Behind The 166s Near-RISC CoreThe reasons behind the abandonment of traditional Complex Instruction Set Computers (CISC) has been the quest for ever greater throughput. The demands of workstations involved in CAD tasks and latterly advanced video games, have been the real driving force behind this. Traditionally, microprocessors have been designed with assembler instruction sets that have been geared towards making the assembler programmers life easier through the extensive use of microcode to produce ever more powerful instructions`. By providing single assembler instructions that perform, for instance, three operand multiplication, the assembler programmer (and HLL compiler writer) has been relieved of the job of achieving the same result with simpler instructions.
The need for the CPU to be able to recognise and act on (decode) many hundreds of different instructions, requires complex silicon and many clock cycles. The greater the silicon area, the greater the cost of the device and power consumed. With physical limitations acting to restrict achievable clock speeds on silicon devices, the number of cycles per instruction is obviously very significant in gaining higher performance..
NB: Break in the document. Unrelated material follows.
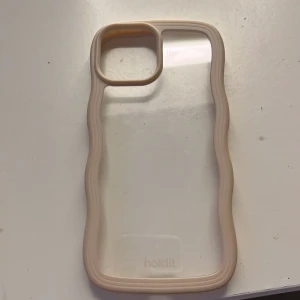Mobilskal  - Mobil skal från Holdit i bra skick, passar iPhone 13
RISCs tend to shift the burden of programming from the microcoder to the assembler programmers and compiler writers. Work both within academia and commercial manufacturers has proved that a suitably programmed RISC machine can achieve a far higher throughput than a CISC for a given clock speed.
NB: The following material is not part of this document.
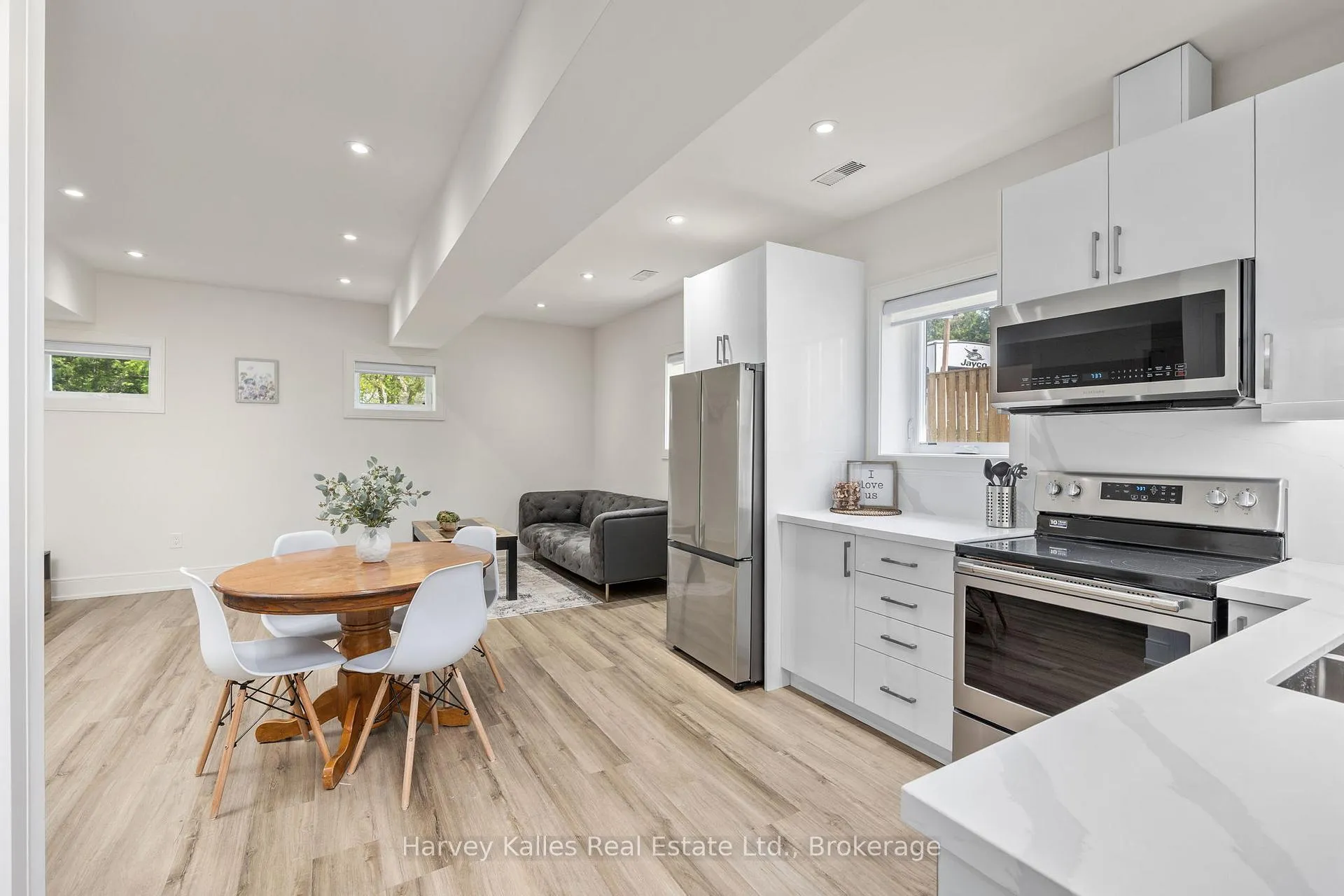 Front of Unit Unit C, 297 Seventh Street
Strangley, the embedded world has been slow to question the suitability of the CISC-based microcontroller. Whilst at the very top end, devices such as the i80960 have enjoyed some success, for more commonplace embedded tasks, RISC is almost unknown. With the increasing complexity of modern control algorithms, the need for greater processing power is set to become an issue in anything but the simplest applications. In addition, here more than in the workstation world, the worst-case response time to non-deterministic events is crucial, an area where CISCs are especially poor.
Many current high-end microcontrollers are based on existing CISC architectures such as the 8086, 68000 etc., who in common with 8-bit devices such as the 8051, have an internal structure that dates back up to 19 years. With the silicon vendors need to give existing users an upgrade path, apparently new designs are often based closely on the existing architecture/instruction set, so protecting the users investment in expensive assembler-code.
Like workstations, microcontrollers are tending to be programmed in a high level language (HLL) to reduce coding times and enhance maintainability. Inevitably, even with the best compilers, some loss of performance is encountered, emphasising again the need for improved CPU performance.
In addition to straight forward data processing, microcontrollers must also handle real-world peripherals such as A/D converters, PWMs, timers, Ports, PLLs etc., all of which require real time processing.
Conventional CISC Bottle-necks1. Long And Unpredictable Interrupt Latencies
Complicated labour-saving instructions must hold CPUs entire attention during execution, thus preventing real-world generated interrupts from being serviced. Unpredictable latency times result which can cause serious problems in hard real-time systems. One approach to overcoming the CISCs poor real-time response has been to bolt a secondary time processor onto the core to try and off-load the time-critical portions. However, this results in an awkward design and the need to use a very terse microcode to program it, in addition to the more usual C and assembler for the CISC core itself.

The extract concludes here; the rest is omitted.